Anyway, we arrive in the UK in winter (he's from a hot country), it's freezing, it's dark and he doesn't speak the language and he's instantly homesick and miserable. One week later, I find out I'm pregnant. We both felt happy as we really want children, but he soon tells me he feels overwhelmed as he's not sure about living in the UK or how the relationship is going given the cultural differences. It also came out later that he still has feelings for his ex, and I've caught him on the phone to her several times, which I've told him is really disrespectful, even if things don't work between us. I also feel really sad as I do want children, but I wanted to be in a secure relationship and don't want to do it on my own. I should note that I was already pregnant when I found out about the cheating and before he came to the UK.

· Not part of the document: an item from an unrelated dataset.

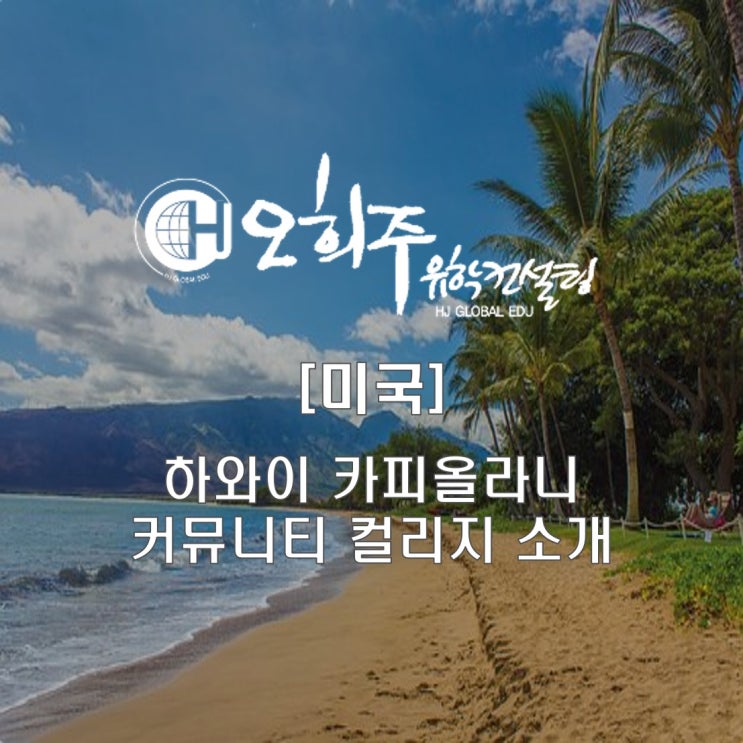  [미국] 하와이 카피올라니 커뮤니티 컬리지 소개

I'm almost 35, and have wanted children for ages - I felt so overwhelmed that I thought about having an abortion despite this, but I don't think I can go ahead with it as I know I'd regret it. I have a very good job and my own house so financially, even if it's hard, I think I can make it work through careful saving. However, I have little family support since my mum has a long term illness and my family lives several hours away anyway. He is saying he definitely wants to go home now - he said he doesn't want to hurt me anymore, and will support any way he can, but I don't see what he can do from so far away.

I feel really upset he doesn't want to try and make it work and annoyed he wasn't more honest with me about his feelings for his ex, but also I feel stupid for not giving it more time before taking risks. I feel a lot of shame about the idea of being a single mum as it's not common in my circles. I have fantastic friends, many of whom already have children and are very supportive. However, I'm struggling now to stop feeling vulnerable, sad and ressentful for him leaving me to deal with this alone. Many of my friends had awful births and the first few months with their newborns were terrible and I'm horrified about the thought of having to go through all of that alone. Is all as bad as I think it will be?

OP posts:
Bunny44 · 11/06/2026 12:26

Hello an update on my end in case of interest. Things are going really well. My son is 2 and wonderful - he's quite a personality and a very happy boy. I got a new job and I'm currently in the process to buy a house near my parents. I also met a lovely guy last year and he met my son this year and has been so great with him. We're planning on moving in together and potentially planning to have another child together next year if all continues to go well.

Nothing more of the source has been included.